Write out, word for word, the part of the listing below that opens with the line containing "Walking distance Banks" and closes with the line containing "Ella-aa online show from April 13, 9:20 pm", keeping both of those lines and adding no others.

== DATA SECTION ==

※ ※ ※

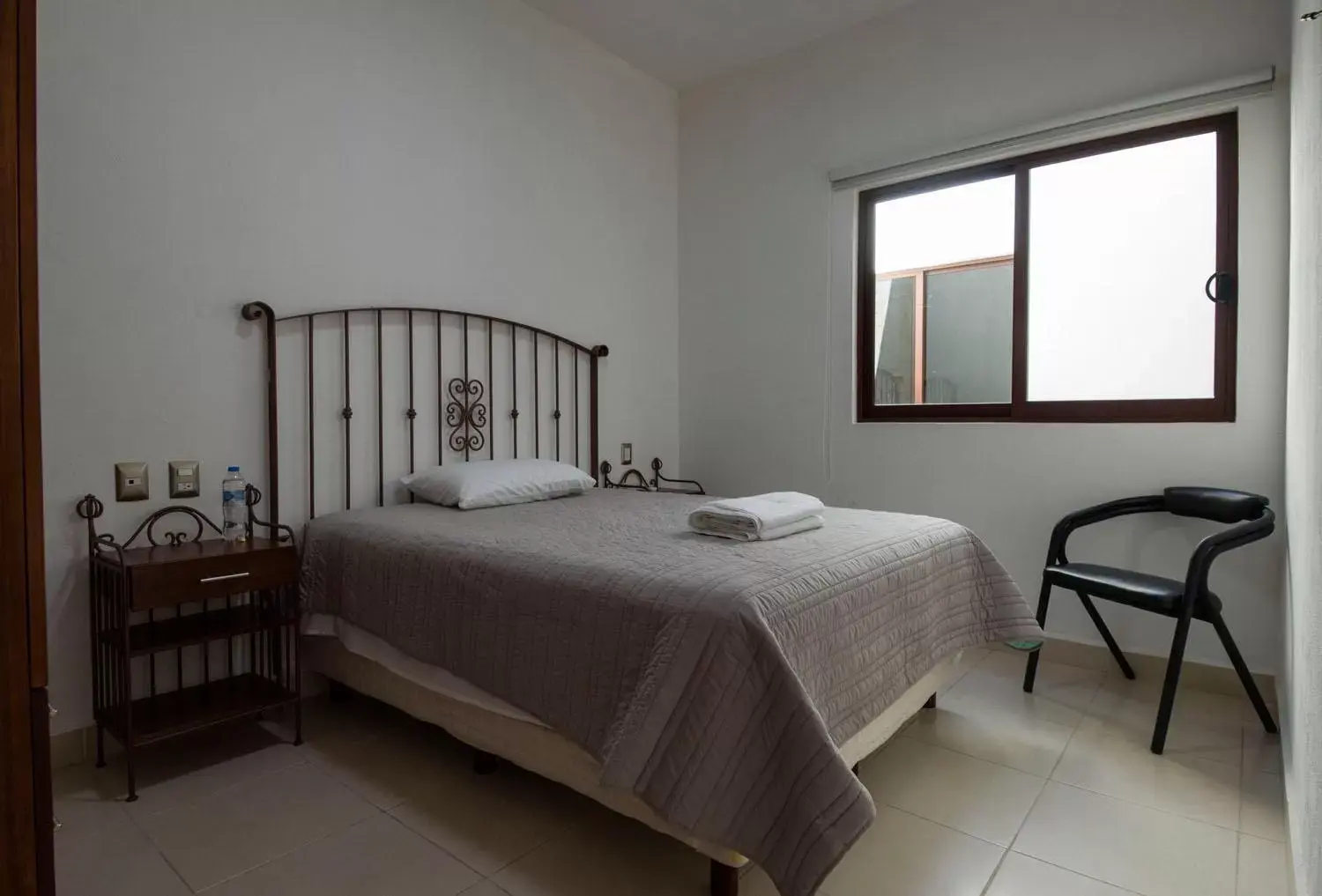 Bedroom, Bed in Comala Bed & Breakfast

※ ※ ※

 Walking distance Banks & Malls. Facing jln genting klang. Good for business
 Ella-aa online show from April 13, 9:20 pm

※ ※ ※

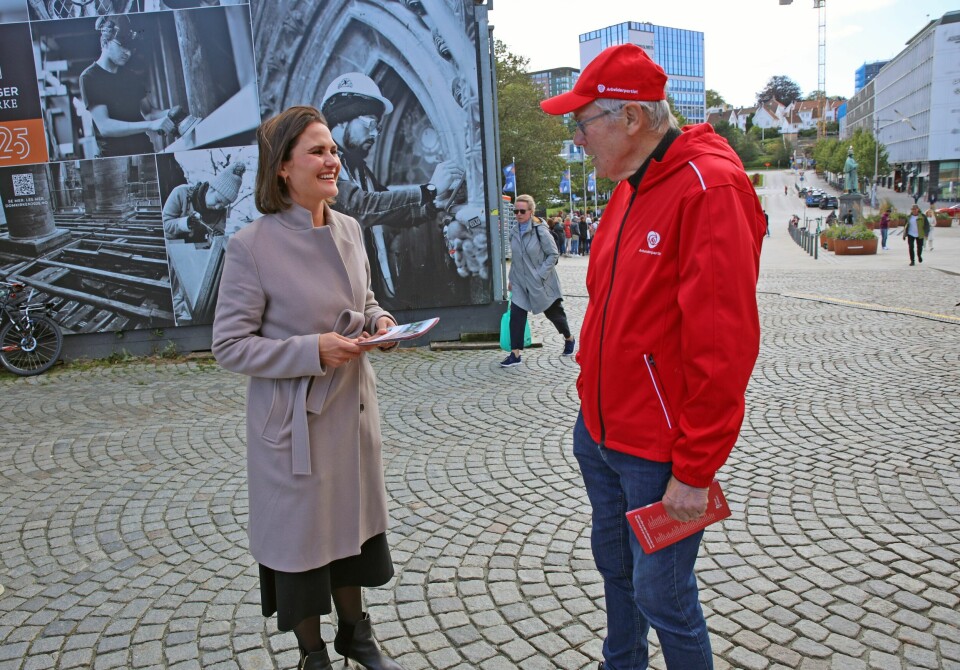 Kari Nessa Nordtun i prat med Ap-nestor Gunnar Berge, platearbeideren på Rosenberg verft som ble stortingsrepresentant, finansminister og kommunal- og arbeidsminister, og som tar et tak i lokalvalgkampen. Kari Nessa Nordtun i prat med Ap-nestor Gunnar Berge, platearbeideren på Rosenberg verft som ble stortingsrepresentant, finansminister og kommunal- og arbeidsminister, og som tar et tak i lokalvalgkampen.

※ ※ ※

== OUTPUT FOR THIS TASK ==
 Walking distance Banks & Malls. Facing jln genting klang. Good for business
 Ella-aa online show from April 13, 9:20 pm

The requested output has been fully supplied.